In the records below, repeat exactly the lines between the line holding "Lot 98 - NOVOEXPORT (URSS) (1)" and the line holding "Mercedes Benz R320", inclusive, and drop the pictures.

* _Provided entries_
========================

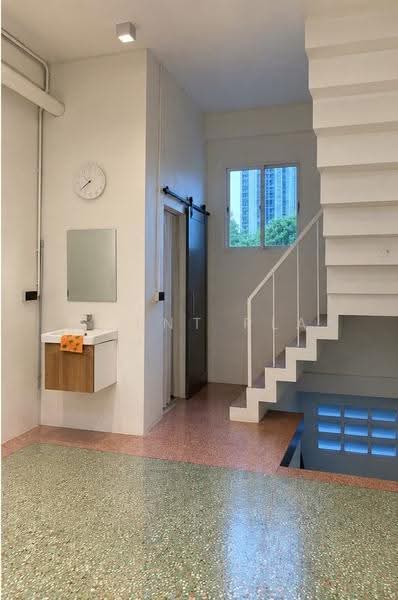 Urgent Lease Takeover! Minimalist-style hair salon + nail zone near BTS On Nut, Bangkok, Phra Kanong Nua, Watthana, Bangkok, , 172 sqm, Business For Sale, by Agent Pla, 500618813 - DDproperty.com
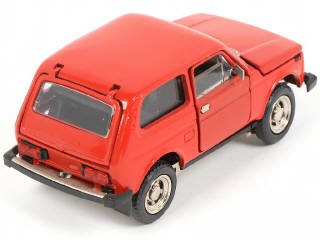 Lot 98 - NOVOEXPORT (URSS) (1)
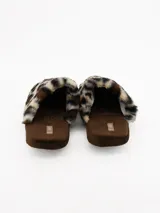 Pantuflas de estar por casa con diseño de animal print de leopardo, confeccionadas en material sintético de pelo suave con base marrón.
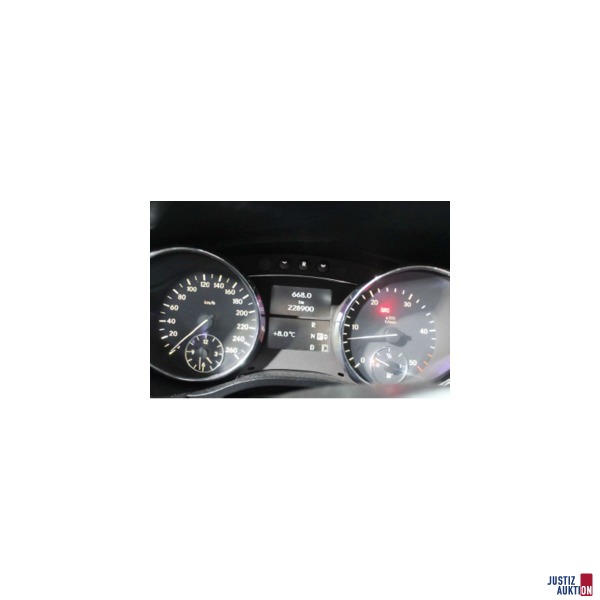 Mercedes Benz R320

========================

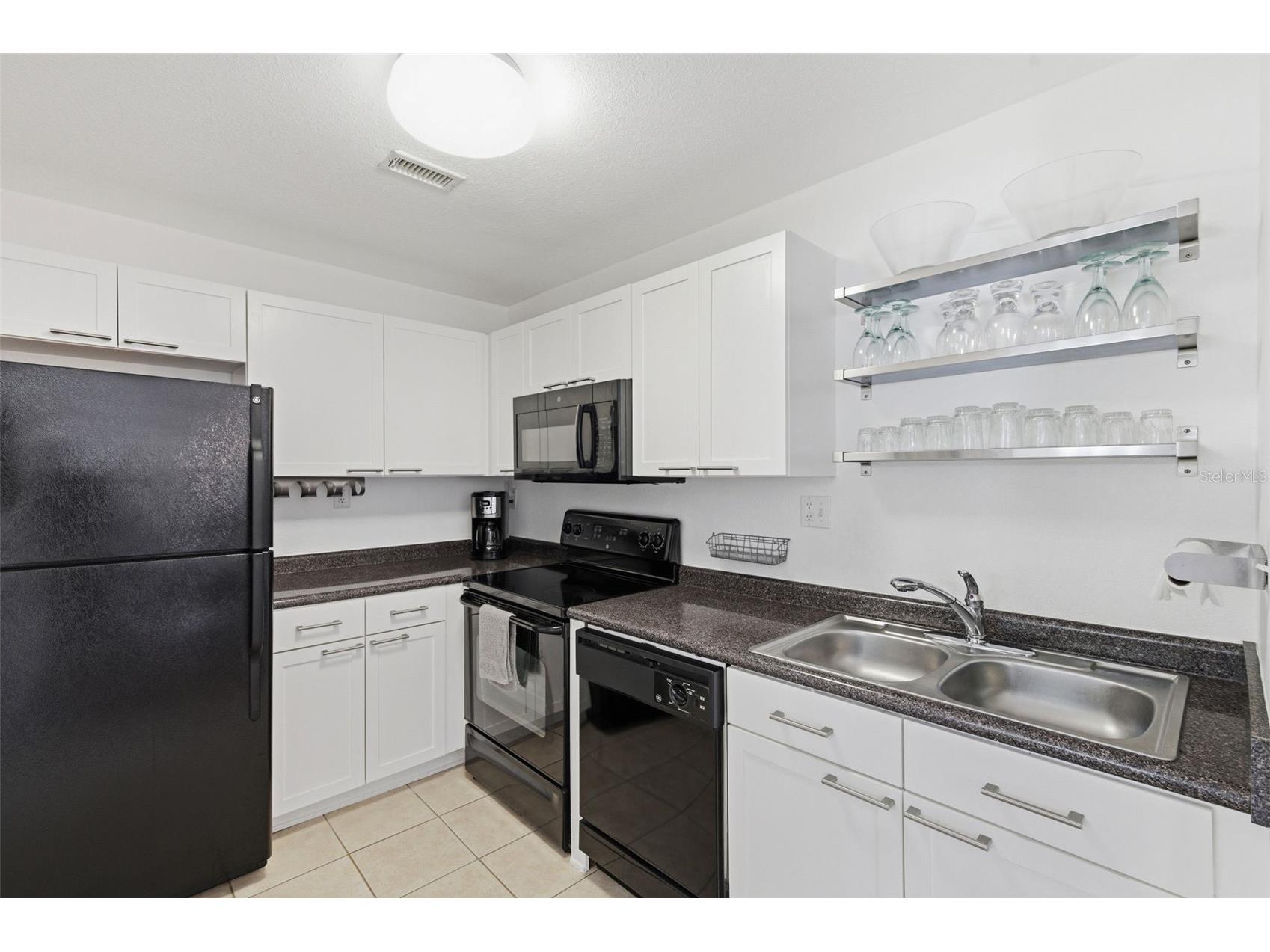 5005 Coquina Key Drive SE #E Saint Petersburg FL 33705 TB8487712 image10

========================

* _Answer to this exercise_
 Lot 98 - NOVOEXPORT (URSS) (1)
 Pantuflas de estar por casa con diseño de animal print de leopardo, confeccionadas en material sintético de pelo suave con base marrón.
 Mercedes Benz R320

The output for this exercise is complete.